WHAT YOU NEED TO DO » The full set of entries should be repeated without a single change.

Crawled caption data »
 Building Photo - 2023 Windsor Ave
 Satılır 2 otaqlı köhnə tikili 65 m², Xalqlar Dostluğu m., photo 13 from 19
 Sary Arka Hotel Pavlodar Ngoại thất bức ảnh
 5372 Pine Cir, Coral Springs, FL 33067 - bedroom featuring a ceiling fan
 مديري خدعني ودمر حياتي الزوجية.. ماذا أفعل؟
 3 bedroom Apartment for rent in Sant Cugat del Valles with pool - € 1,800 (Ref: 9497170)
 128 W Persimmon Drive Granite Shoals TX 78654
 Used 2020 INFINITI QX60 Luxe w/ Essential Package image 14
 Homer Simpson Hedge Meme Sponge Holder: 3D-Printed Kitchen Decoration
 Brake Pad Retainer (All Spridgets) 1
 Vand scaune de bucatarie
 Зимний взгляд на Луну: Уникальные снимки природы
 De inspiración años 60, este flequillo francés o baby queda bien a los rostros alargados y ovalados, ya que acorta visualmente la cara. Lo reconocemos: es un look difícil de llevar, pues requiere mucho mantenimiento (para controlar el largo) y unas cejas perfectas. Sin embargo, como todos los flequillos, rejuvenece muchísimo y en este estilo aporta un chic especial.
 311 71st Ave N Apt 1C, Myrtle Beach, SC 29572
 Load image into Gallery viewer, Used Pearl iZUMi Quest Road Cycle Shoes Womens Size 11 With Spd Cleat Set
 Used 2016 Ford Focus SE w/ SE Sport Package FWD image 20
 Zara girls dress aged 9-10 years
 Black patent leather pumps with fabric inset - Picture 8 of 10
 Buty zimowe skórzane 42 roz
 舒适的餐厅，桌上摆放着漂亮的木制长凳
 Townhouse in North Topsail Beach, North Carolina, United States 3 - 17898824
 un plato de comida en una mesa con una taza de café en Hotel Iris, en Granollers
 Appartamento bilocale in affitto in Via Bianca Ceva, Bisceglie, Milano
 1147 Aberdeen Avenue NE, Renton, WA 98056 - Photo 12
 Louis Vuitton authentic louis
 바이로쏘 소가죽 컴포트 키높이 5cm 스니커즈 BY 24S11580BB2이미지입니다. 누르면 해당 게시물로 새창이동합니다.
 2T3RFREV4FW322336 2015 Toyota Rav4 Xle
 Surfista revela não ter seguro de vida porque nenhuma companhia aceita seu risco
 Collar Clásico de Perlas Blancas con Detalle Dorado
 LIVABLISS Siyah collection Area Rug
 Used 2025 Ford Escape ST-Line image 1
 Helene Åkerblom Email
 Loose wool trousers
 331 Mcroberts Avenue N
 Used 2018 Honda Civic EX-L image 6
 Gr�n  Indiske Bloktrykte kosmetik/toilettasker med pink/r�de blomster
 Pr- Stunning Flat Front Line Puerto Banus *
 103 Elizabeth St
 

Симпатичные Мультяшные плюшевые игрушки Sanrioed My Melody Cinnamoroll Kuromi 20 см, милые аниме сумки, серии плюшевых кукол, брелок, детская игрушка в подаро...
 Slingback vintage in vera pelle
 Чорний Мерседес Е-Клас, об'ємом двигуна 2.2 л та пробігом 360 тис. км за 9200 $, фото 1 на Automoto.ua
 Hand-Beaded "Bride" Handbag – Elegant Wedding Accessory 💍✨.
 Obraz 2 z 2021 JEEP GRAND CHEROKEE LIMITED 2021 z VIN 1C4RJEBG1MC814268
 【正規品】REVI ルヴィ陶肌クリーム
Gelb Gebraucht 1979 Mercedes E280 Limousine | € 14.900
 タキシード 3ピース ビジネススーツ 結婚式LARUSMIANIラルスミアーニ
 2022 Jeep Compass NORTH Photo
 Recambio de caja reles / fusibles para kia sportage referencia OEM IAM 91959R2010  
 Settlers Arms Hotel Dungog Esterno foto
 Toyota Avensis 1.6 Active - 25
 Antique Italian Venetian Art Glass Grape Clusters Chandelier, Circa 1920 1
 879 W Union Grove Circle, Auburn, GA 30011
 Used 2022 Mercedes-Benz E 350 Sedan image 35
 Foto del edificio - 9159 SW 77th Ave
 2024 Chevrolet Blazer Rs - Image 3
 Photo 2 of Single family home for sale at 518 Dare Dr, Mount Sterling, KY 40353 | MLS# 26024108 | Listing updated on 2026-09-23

ANSWER TO THIS EXERCISE »
 Building Photo - 2023 Windsor Ave
 Satılır 2 otaqlı köhnə tikili 65 m², Xalqlar Dostluğu m., photo 13 from 19
 Sary Arka Hotel Pavlodar Ngoại thất bức ảnh
 5372 Pine Cir, Coral Springs, FL 33067 - bedroom featuring a ceiling fan
 مديري خدعني ودمر حياتي الزوجية.. ماذا أفعل؟
 3 bedroom Apartment for rent in Sant Cugat del Valles with pool - € 1,800 (Ref: 9497170)
 128 W Persimmon Drive Granite Shoals TX 78654
 Used 2020 INFINITI QX60 Luxe w/ Essential Package image 14
 Homer Simpson Hedge Meme Sponge Holder: 3D-Printed Kitchen Decoration
 Brake Pad Retainer (All Spridgets) 1
 Vand scaune de bucatarie
 Зимний взгляд на Луну: Уникальные снимки природы
 De inspiración años 60, este flequillo francés o baby queda bien a los rostros alargados y ovalados, ya que acorta visualmente la cara. Lo reconocemos: es un look difícil de llevar, pues requiere mucho mantenimiento (para controlar el largo) y unas cejas perfectas. Sin embargo, como todos los flequillos, rejuvenece muchísimo y en este estilo aporta un chic especial.
 311 71st Ave N Apt 1C, Myrtle Beach, SC 29572
 Load image into Gallery viewer, Used Pearl iZUMi Quest Road Cycle Shoes Womens Size 11 With Spd Cleat Set
 Used 2016 Ford Focus SE w/ SE Sport Package FWD image 20
 Zara girls dress aged 9-10 years
 Black patent leather pumps with fabric inset - Picture 8 of 10
 Buty zimowe skórzane 42 roz
 舒适的餐厅，桌上摆放着漂亮的木制长凳
 Townhouse in North Topsail Beach, North Carolina, United States 3 - 17898824
 un plato de comida en una mesa con una taza de café en Hotel Iris, en Granollers
 Appartamento bilocale in affitto in Via Bianca Ceva, Bisceglie, Milano
 1147 Aberdeen Avenue NE, Renton, WA 98056 - Photo 12
 Louis Vuitton authentic louis
 바이로쏘 소가죽 컴포트 키높이 5cm 스니커즈 BY 24S11580BB2이미지입니다. 누르면 해당 게시물로 새창이동합니다.
 2T3RFREV4FW322336 2015 Toyota Rav4 Xle
 Surfista revela não ter seguro de vida porque nenhuma companhia aceita seu risco
 Collar Clásico de Perlas Blancas con Detalle Dorado
 LIVABLISS Siyah collection Area Rug
 Used 2025 Ford Escape ST-Line image 1
 Helene Åkerblom Email
 Loose wool trousers
 331 Mcroberts Avenue N
 Used 2018 Honda Civic EX-L image 6
 Gr�n  Indiske Bloktrykte kosmetik/toilettasker med pink/r�de blomster
 Pr- Stunning Flat Front Line Puerto Banus *
 103 Elizabeth St
 

Симпатичные Мультяшные плюшевые игрушки Sanrioed My Melody Cinnamoroll Kuromi 20 см, милые аниме сумки, серии плюшевых кукол, брелок, детская игрушка в подаро...
 Slingback vintage in vera pelle
 Чорний Мерседес Е-Клас, об'ємом двигуна 2.2 л та пробігом 360 тис. км за 9200 $, фото 1 на Automoto.ua
 Hand-Beaded "Bride" Handbag – Elegant Wedding Accessory 💍✨.
 Obraz 2 z 2021 JEEP GRAND CHEROKEE LIMITED 2021 z VIN 1C4RJEBG1MC814268
 【正規品】REVI ルヴィ陶肌クリーム
Gelb Gebraucht 1979 Mercedes E280 Limousine | € 14.900
 タキシード 3ピース ビジネススーツ 結婚式LARUSMIANIラルスミアーニ
 2022 Jeep Compass NORTH Photo
 Recambio de caja reles / fusibles para kia sportage referencia OEM IAM 91959R2010  
 Settlers Arms Hotel Dungog Esterno foto
 Toyota Avensis 1.6 Active - 25
 Antique Italian Venetian Art Glass Grape Clusters Chandelier, Circa 1920 1
 879 W Union Grove Circle, Auburn, GA 30011
 Used 2022 Mercedes-Benz E 350 Sedan image 35
 Foto del edificio - 9159 SW 77th Ave
 2024 Chevrolet Blazer Rs - Image 3
 Photo 2 of Single family home for sale at 518 Dare Dr, Mount Sterling, KY 40353 | MLS# 26024108 | Listing updated on 2026-09-23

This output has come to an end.